Las suertes charras son: 

Cala de Caballo: Consiste en demostrar la buena rienda del equino. Comienza con la punta, que es detener el caballo a todo galope partiendo desde el fondo del partidero, dentro de un rectángulo de 20 x 6 metros. Siguen los lados y medios lados, y finaliza con la Ceja, que es recular al caballo en línea recta desde el rectángulo hasta una distancia de entre los 40 a 50 metros. 

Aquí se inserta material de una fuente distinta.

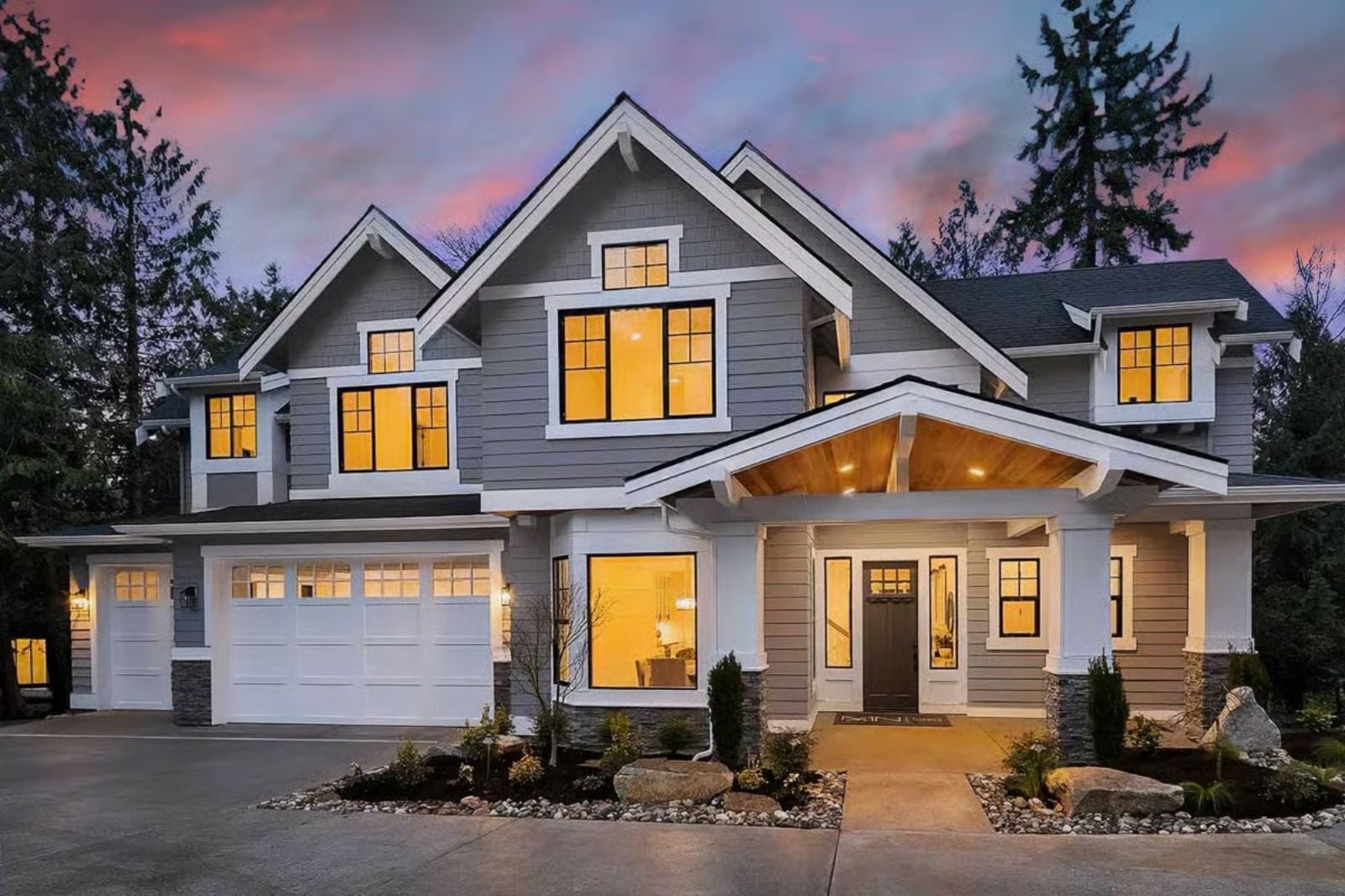 The Emberpane 6-Bedroom Craftsman with Media Room Designed for Families Who Believe in Big Tables, Long Dinners, and Loud Laughter (Floor Plan)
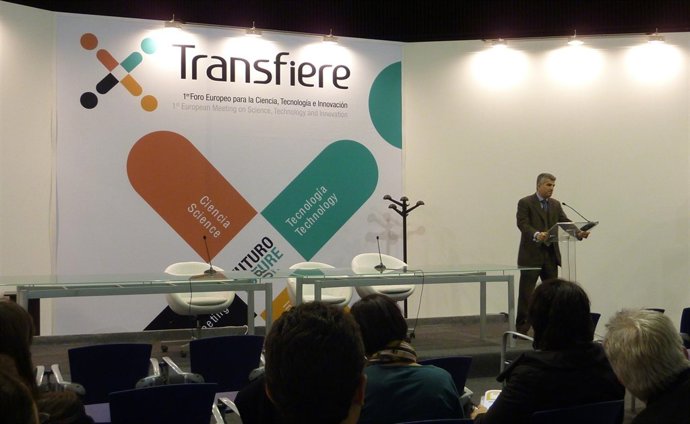 Manuel Guillén En 'Transfiere'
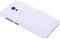 Alcatel One Touch Idol 2s - Flip Cover - Origineel - Zilver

Piales en el lienzo: Consiste en lazar a una yegua de las patas y detenerla, esto con una soga que se amarra a la cabeza de la silla. La yegua parte desde el fondo de la manga del lienzo, y el charro montado a los 30 metros y mínimo a 4 metros de la distancia del contralienzo, avienta la reata para capturar las patas de la greñuda. Si es pial, rápidamente amarra la soga a la cabeza de la silla hasta que detiene la carrera de la yegua. Del roce entre la soga y la cabeza sale una espesa humareda con el olor característico de la Charrería: el fuste quemado. 

Coleadero: Que tiene diferentes versiones en Latinoamérica y consiste en derribar toros jalándolos de la cola desde la propia montura. 

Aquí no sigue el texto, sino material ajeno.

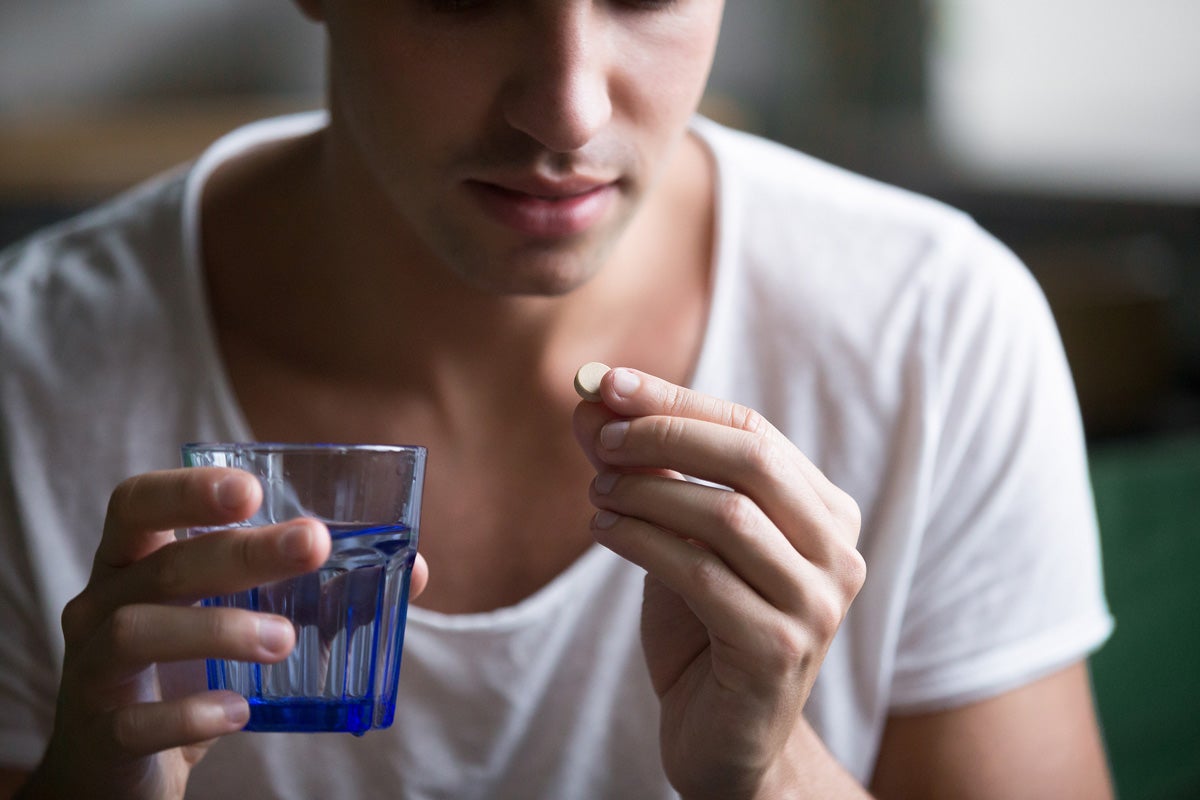 Quitting Antidepressants: From Withdrawal to Tapering One Step at a Time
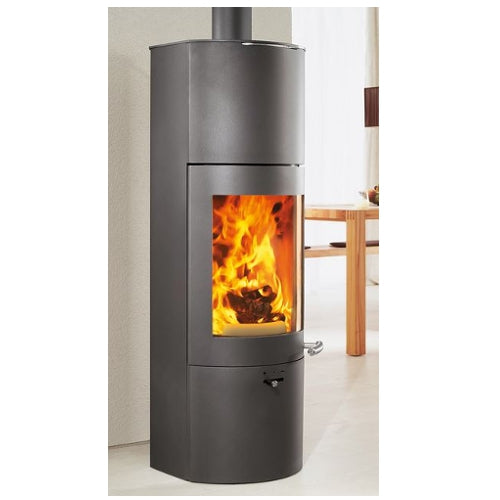 Austroflamm Tower Xtra 2.0 Anschluss oben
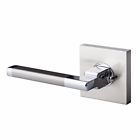 Dh-pp3026cs Bai Passage Privacy Modern Door Lever Handle Set 854840005813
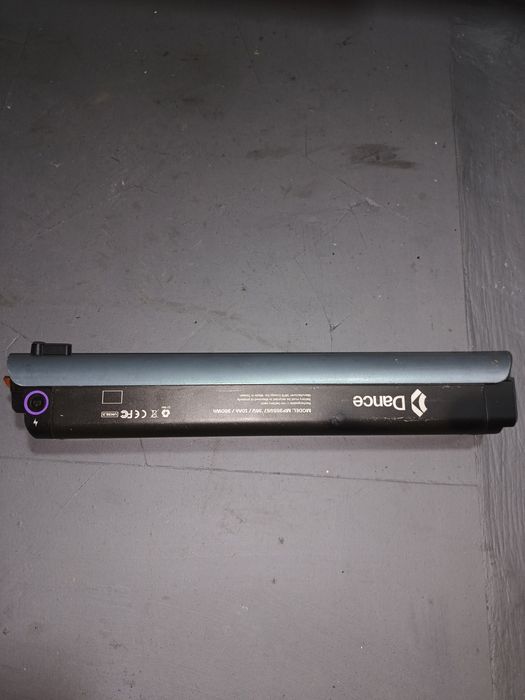 Аккумулятор Dance електровелосипед 36 вольт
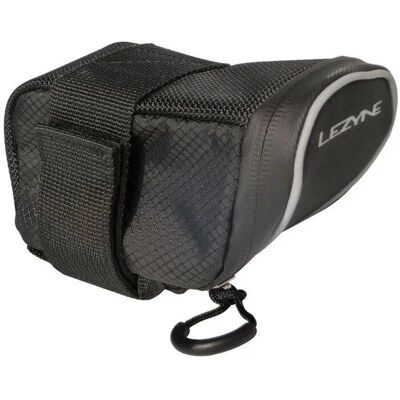 Lezyne Micro Caddy XL Satteltasche - Schwarz - Satteltasche Lezyne Micro Caddy XL Satteltasche - Schwarz - Satteltasche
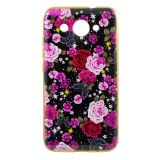 Чехол Xiaomi Redmi Note 5APro Silicon Flowers and Diamond Cath Kidston "Акционная цена"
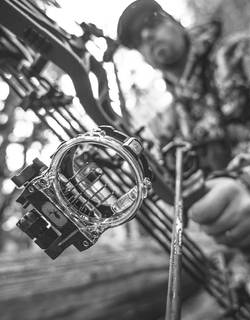 Screw-On Drum Bowfishing Reel – Bear Archery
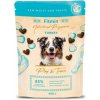 Fitmin dog NP Play and Train Turkey 400 g | Maškrty pre psov Fitmin dog NP Play and Train Turkey 400 g | Maškrty pre psov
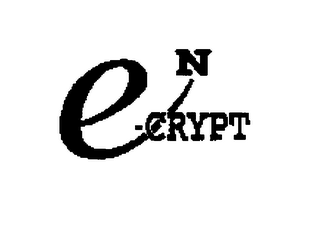 EN-CRYPT logo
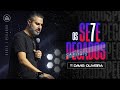Os Sete Pecados Capitais Ep 1 Pr Davis Oliveira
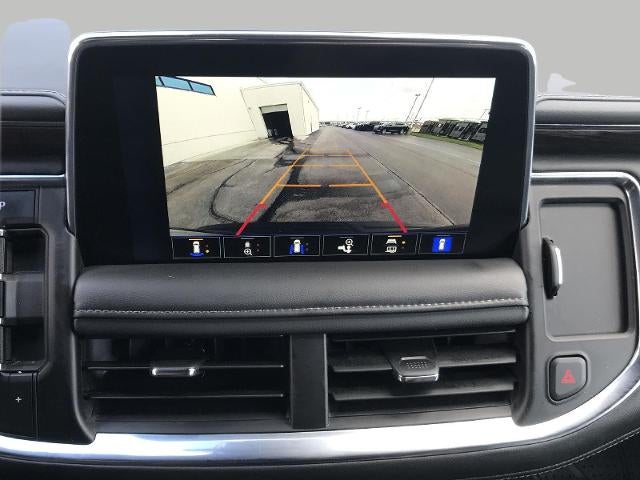 2024 Chevrolet Tahoe 4WD 4dr Z71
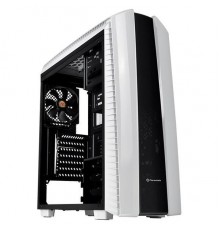 Корпус Thermaltake CA-1H6-00M6WN-00 Versa N27 ATX без БП, Window, White                                                                                                                                                                                   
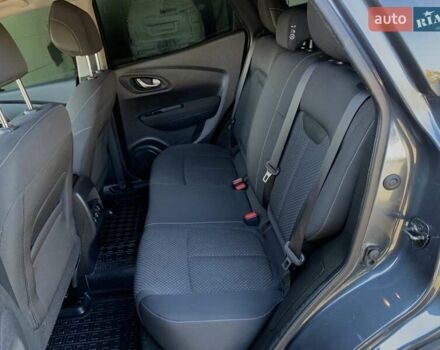 Сірий Рено Kadjar, об'ємом двигуна 1.5 л та пробігом 157 тис. км за 19999 $, фото 26 на Automoto.ua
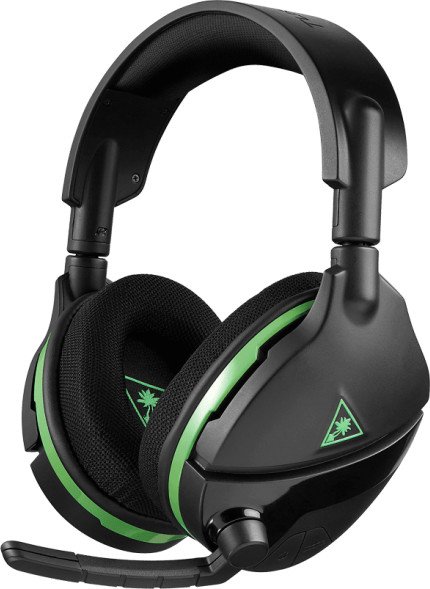 Casti Gaming Turtle Beach Stealth 600X Xbox One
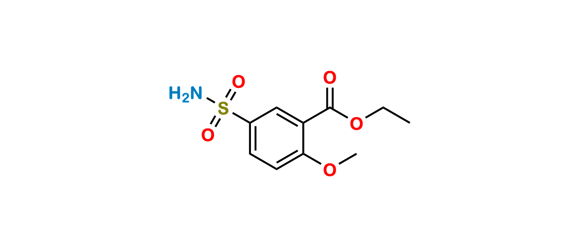 Picture of Sulpiride EP Impurity C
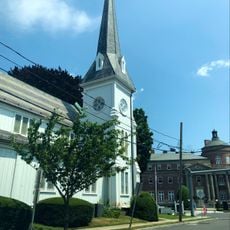Methodist Episcopal Church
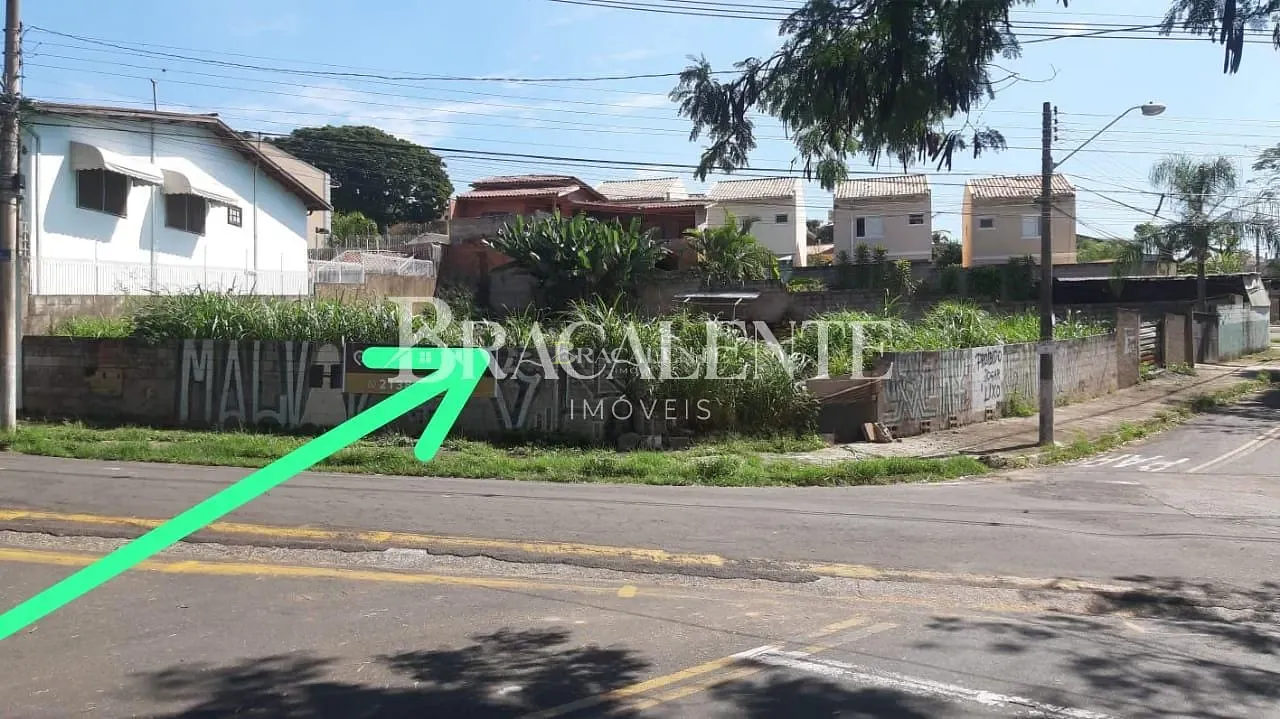Terreno, 570 m² - Foto 3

Jineteo de toro: Consiste en montar a un toro y resistir todos los reparos que este le mande al charro. 

Terna en el ruedo: Donde tienen cabida dos suertes, mismas que son independientes una de otra, la primera de ellas llamada Lazo Cabecero y el cual como su nombre lo dice, consiste en lazar a un toro de la cabeza, para enseguida continuar con la suerte de pial de ruedo que consiste en lazar las patas del novillo para con ayuda del lazo cabecero derribarlo, esta es la suerte más antigua de la Charrería. 

Jineteo de yegua: Es lo mismo que el jineteo de toro, nada más que en este caso es un equino. 

Manganas a Pie: En las que el charro laza las extremidades delanteras de la yegua para lograr derribarla. 

Manganas a Caballo: El mismo caso que en la suerte anterior, pero en esta suerte montado en su cabalgadura; en estas dos suertes se realiza el floreo de soga con el objetivo de ganar puntos. Regularmente se hacen resortes, arracadas y espejos, rematando de Rodada, Máscara o Bigotona y de Desdén, y Chorreando alrededor de los Cuadriles o con los Tirones de la Muerte (amarrando la soga a uno o ambos pies del Charro) o del Ahorcado (amarrando la soga al cuello del charro en un nudo que no se cierra). 

El Paso de la Muerte: Consistente en pasar de un caballo arrendado queva a pelo a una yegua bruta a todo galope.